Enfin, l'article B du traité n'indique pas que les objectifs de
l'Union sont atteints dans le respect du principe de subsidiarité en
tant que principe général, mais "
dans le respect du
principe de subsidiarité tel qu'il est défini à l'article
3
B ".
L'article 3 B définissant le principe de
subsidiarité de manière négative, on ne peut en tirer
aucune obligation d'intervention pour la Communauté : de telles
obligations ne peuvent résulter que de dispositions expresses figurant
dans d'autres articles du Traité
. Cette dernière
précision est utile dans la msure où il n'est pas rare d'entendre
dans les débats communautaires que, " selon le principe de
subsidiarité ", certaines compétences de l'Union devraient
être renforcées.
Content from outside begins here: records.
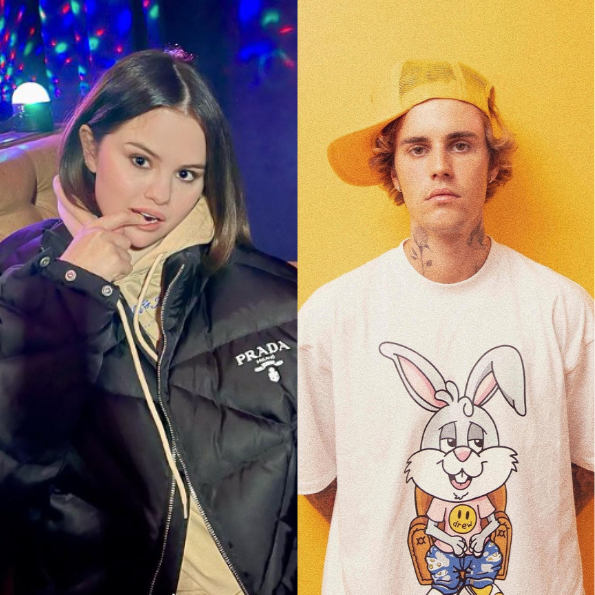 Selena Gomez Shares How End of 8 Year Relationship w/ Justin Bieber Led To Her Instagram Exit: ‘I Had Just Gotten My Heart Broken’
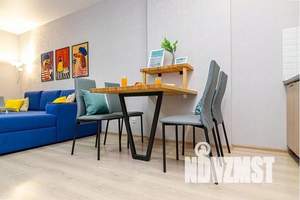 2-к квартира, посуточно, 50м2, 8/25 этаж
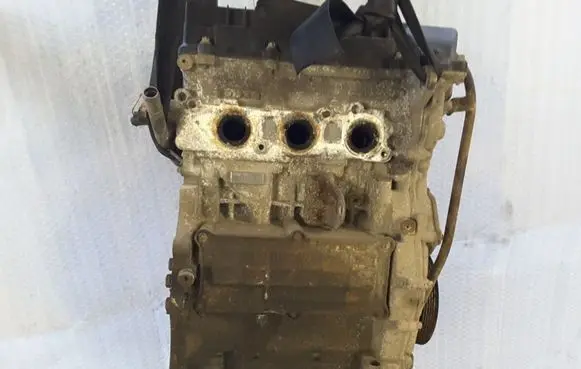 Mitsubishi Colt Engine 134910 1349103A91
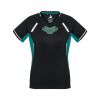 Women's Renegade Cooldry Tee Thumbnail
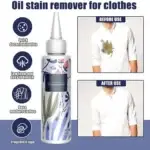 Powerful Emergency Stain Remover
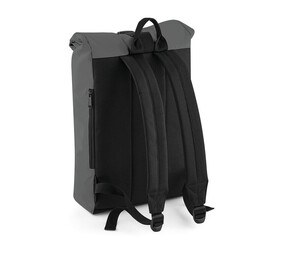 Bag Base BG138 - Roll-Top Closure-ryggsekk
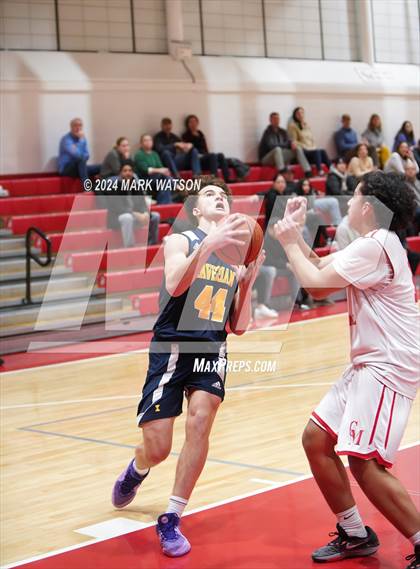 Thumbnail 3 in Xaverian Brothers @ Catholic Memorial photogallery.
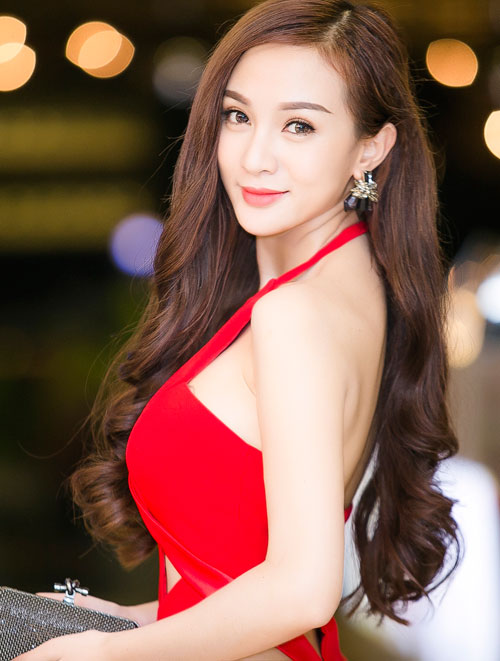 kelly dao kéo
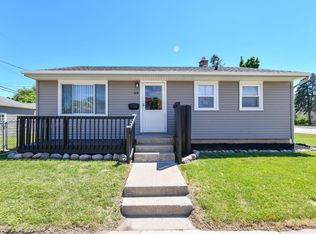 4380 N 51st BOULEVARD, Milwaukee, WI 53216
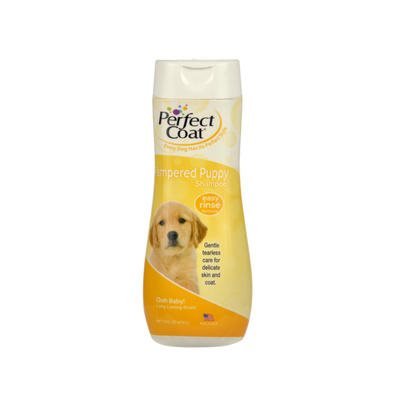 UPG Tender Care Puppy Shampoo 16oz
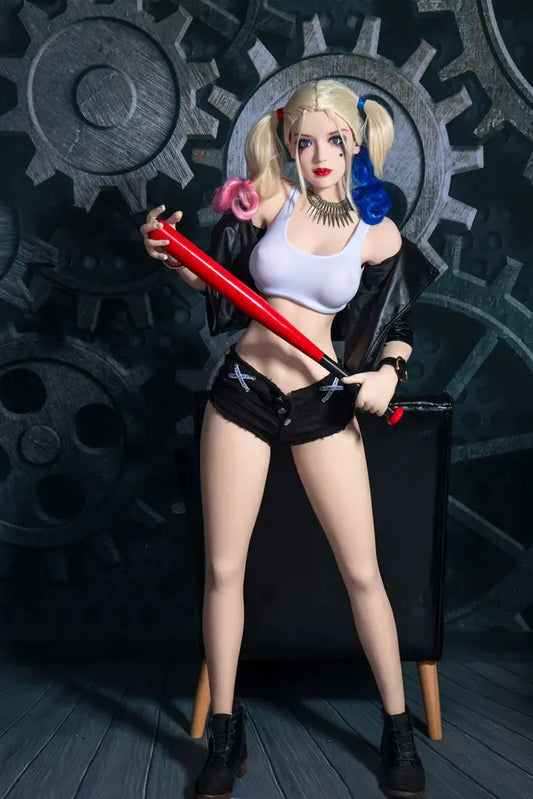 US EU Stock! Rita - 5ft 18/158cm Medium chest TPE Sex Doll
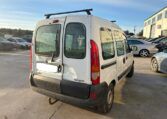 Despiece Renault Kangoo 1.9 DTI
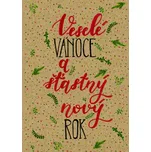 Baloušek Tisk Přáníčko BeBechy z…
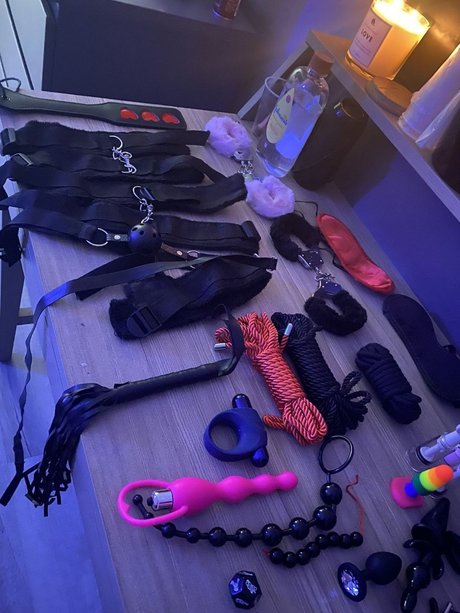 PrinzeStar actriz atractiva galería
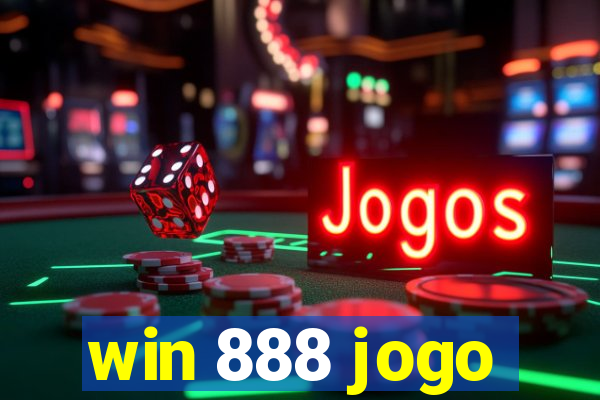 win 888 jogo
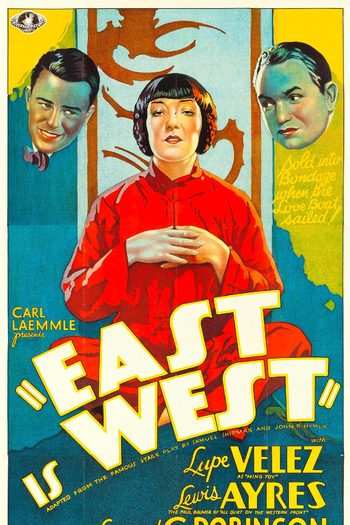  de Filme Proibida de Amar (1930)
Tel qu'il figure à l'article 3 B du
traité, le principe de subsidiarité ne peut être
interprété en ce sens, puisque sa formulation est
négative. Son objet est de soumettre l'exercice et l'accroissement des
compétences communautaires à certaines conditions :
naturellement, il n'exclut pas le développement de ces
compétences, mais en aucun cas il ne le prescrit. En d'autres termes,
un développement des compétences communautaires n'est pas
nécessairement contraire au principe de subsidiarité, mais on ne
peut s'appuyer sur ce principe
tel qu'il est défini à
l'article 3 B
pour préconiser ce développement
.
Le présent rapport aborde uniquement l'application du principe de
subsidiarité tel qu'il figure dans le Traité, c'est-à-dire
comme un principe de limitation des compétences communautaires
concernant les rapports entre la Communauté et les Etats membres. Or la
rédaction de l'article 3 B est telle que, tout en affirmant un
principe strict de limitation des compétences communautaires, elle
laisse une marge d'appréciation considérable pour
l'appréciation de ces compétences.
A. UN PRINCIPE DE LIMITATION DES COMPÉTENCES COMMUNAUTAIRES
L'article 3 B du Traité instituant la Communauté
européenne
(3(
*
))
pose trois
principes :
- le principe de l'interprétation stricte des compétences
communautaires (premier alinéa),
- le principe de subsidiarité proprement dit (deuxième
alinéa),
- le principe de proportionnalité (interdiction de l'excès).
1. L'interprétation stricte des compétences
Article 3B, 1 er alinéa
" La Communauté agit dans les limites des
compétences qui lui sont conférées et des objectifs qui
lui sont assignés par le présent traité ".
Cet alinéa réaffirme que les compétences de la
Communauté sont des compétences d'attribution, qui doivent
être explicitement dévolues par le Traité ; la
Communauté n'a pas " la compétence de la
compétence ". Le lien qu'il établit entre
" compétences " et " objectifs "
confirme cette
exigence d'interprétation stricte :
- non seulement la Communauté ne dispose que des compétences
conférées par le Traité, mais elle ne doit utiliser ces
compétences que pour les objectifs explicitement définis par ce
dernier ;
- réciproquement, les objectifs assignés à la
Communauté ne doivent être poursuivis qu'au moyen des
compétences qui lui sont expressément attribuées.